To be a good teacher, you obviously have to know thoroughly the content of what you’re teaching. I think you also have to teach well, that is, help students learn the material in different ways, get them to figure things out themselves rather than just telling them everything, and to impart the spark you have for the subject. For residents, I try to help them learn the knowledge base they need for psychiatry, for example, how to diagnose and treat psychiatric disorders such as depression and anxiety. Just as important is helping them fine-tune their ability to be a good doctor – to listen really well, express care for each patient, be present with each patient, and enjoy their profession.

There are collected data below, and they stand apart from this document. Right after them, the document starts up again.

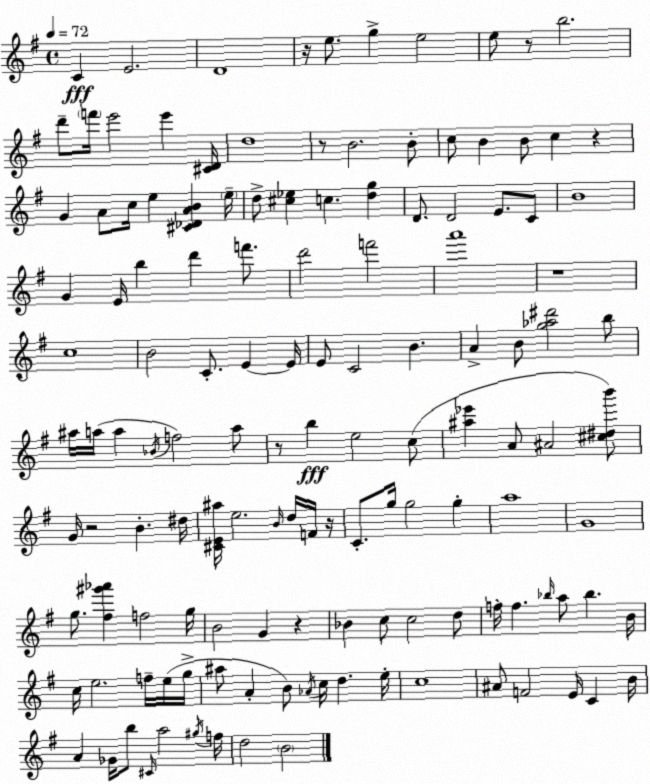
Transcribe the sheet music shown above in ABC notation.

X:1
T:Untitled
M:4/4
L:1/4
K:G
C E2 D4 z/4 e/2 g e2 e/2 z/2 b2 d'/2 f'/4 e'2 e' [^CD]/4 d4 z/2 B2 B/2 c/2 B B/2 c z G A/2 c/4 e [^C_DAB] e/4 d/2 [^c_e] c [dg] D/2 D2 E/2 C/2 B4 G E/4 b d' f'/2 d'2 f'2 a'4 z4 c4 B2 C/2 E E/4 E/2 C2 B A B/2 [g_a^d']2 b/2 ^a/4 a/4 a _B/4 f2 a/2 z/2 b e2 c/2 [^a_e'] A/2 ^A2 [^c^db']/2 G/4 z2 B ^d/4 [^CE^a]/4 e2 B/4 d/4 F/4 z/4 C/2 g/4 g2 g a4 G4 g/2 [^f^g'_a'] f2 g/4 B2 G z _B c/2 c2 d/2 f/4 f _b/4 a/2 _b B/4 c/4 e2 f/4 e/4 g/4 ^a/2 A B/2 _A/4 c/4 d e/4 c4 ^A/2 F2 E/4 C B/4 A _G/4 b/2 ^C/4 a2 ^g/4 f/4 d2 B2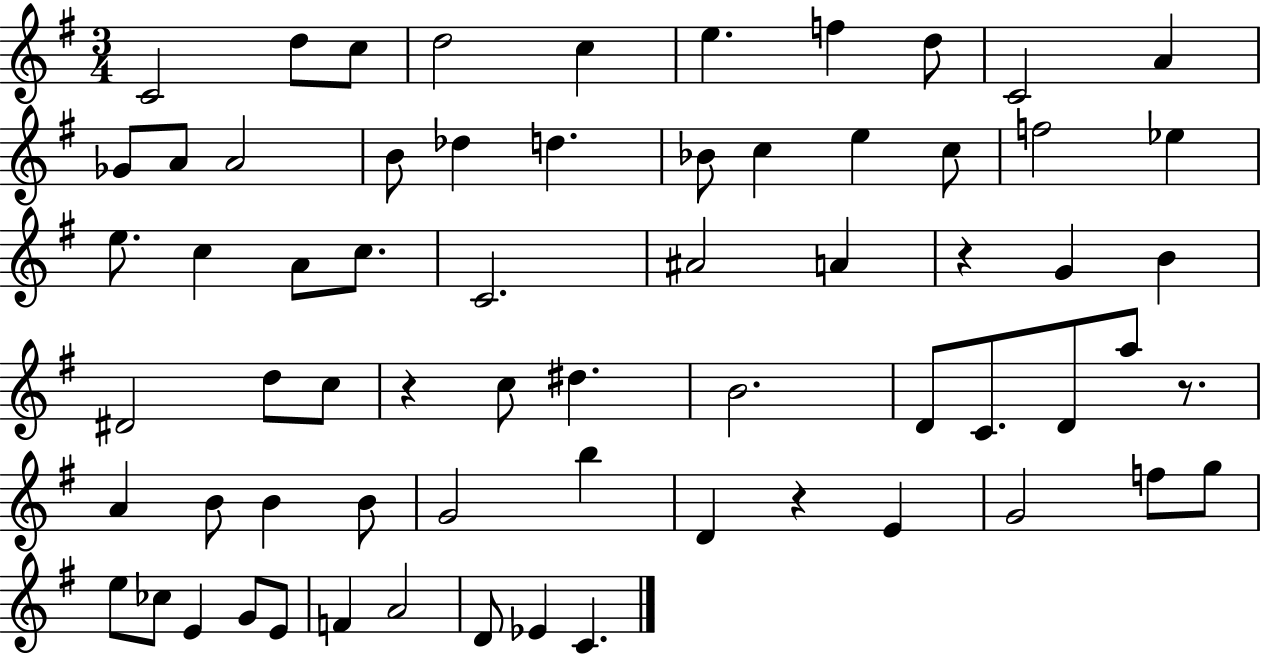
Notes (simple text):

C4/h D5/e C5/e D5/h C5/q E5/q. F5/q D5/e C4/h A4/q Gb4/e A4/e A4/h B4/e Db5/q D5/q. Bb4/e C5/q E5/q C5/e F5/h Eb5/q E5/e. C5/q A4/e C5/e. C4/h. A#4/h A4/q R/q G4/q B4/q D#4/h D5/e C5/e R/q C5/e D#5/q. B4/h. D4/e C4/e. D4/e A5/e R/e. A4/q B4/e B4/q B4/e G4/h B5/q D4/q R/q E4/q G4/h F5/e G5/e E5/e CES5/e E4/q G4/e E4/e F4/q A4/h D4/e Eb4/q C4/q.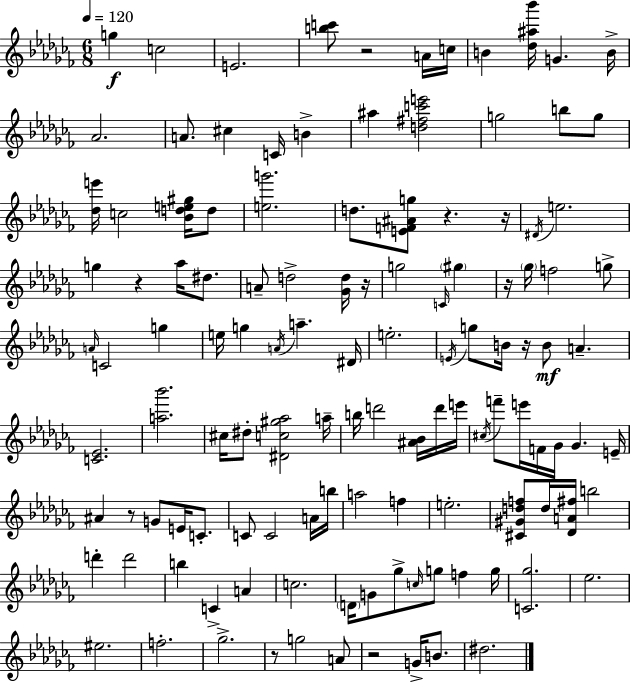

I like being creative in how I teach. At one point, I used the HBO show The Sopranos to discuss psychotherapy. As many will know, this was a great dramatic series about a NJ mafia family, and the main character Tony saw a psychiatrist. We would watch parts of the show, discuss Tony’s diagnosis and treatment, and figure out what we would do the same and differently if Tony were to come to see us.
I also taught medical students about psychiatry. I enjoyed this because, although most medical students don’t go into psychiatry as a specialty, I felt I could teach them 2 important things. The first was to be interested in the psychological issues their patients would have, and that they needed to do this to be good doctors. It’s not enough to medically treat Mr. Jones’ cancer. You have to address how he and his family are coping too. The second was the doctor-patient relationship part of being a good doctor. All those things I mentioned above as important for psychiatry residents – to listen really well, express care for each patient, and be present with each patient – are crucial in all fields. These are important for all doctors to learn and practice.
What specific topic do you enjoy teaching the most?
I love teaching about pain medicine, as it’s complex and our knowledge is growing fast. It’s also commonly misunderstood, so sharing knowledge in this area can really help patient care. I also enjoy teaching both psychiatry students and others in medicine about improving their relationships with their patients.